Why Developers Refactor Source Code: A Mining-based Study
This research provides a generalized understanding of refactoring motivations for software developers, complementing previous survey-based studies.
This study investigates developer motivations for refactoring by analyzing 287,813 refactoring operations across 150 open-source projects and manually classifying motivations from 551 pull requests. It provides quantitative evidence linking refactoring to process/product metrics and a detailed taxonomy of refactoring motivations.
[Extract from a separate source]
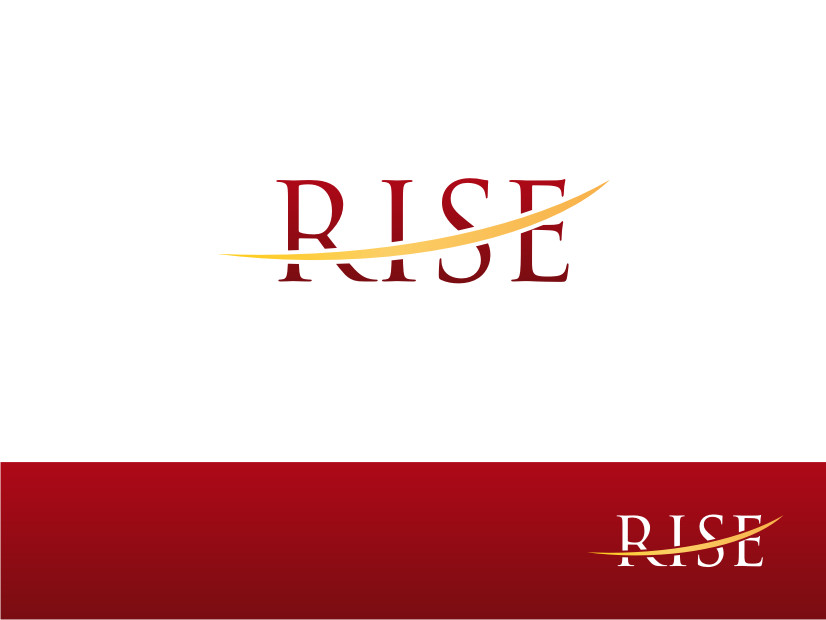 Logo Design by Atvento Graphics for this project | Design #1688882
Refactoring aims at improving code non-functional attributes without modifying its external behavior. Previous studies investigated the motivations behind refactoring by surveying developers. With the aim of generalizing and complementing their findings, we present a large-scale study quantitatively and qualitatively investigating why developers perform refactoring in open source projects. First, we mine 287,813 refactoring operations performed in the history of 150 systems. Using this dataset, we investigate the interplay between refactoring operations and process (e.g., previous changes/fixes) and product (e.g., quality metrics) metrics. Then, we manually analyze 551 merged pull requests implementing refactoring operations and classify the motivations behind the implemented refactorings (e.g., removal of code duplication). Our results led to (i) quantitative evidence of the relationship existing between certain process/product metrics and refactoring operations and (ii) a detailed taxonomy, generalizing and complementing the ones existing in the literature, of motivations pushing developers to refactor source code.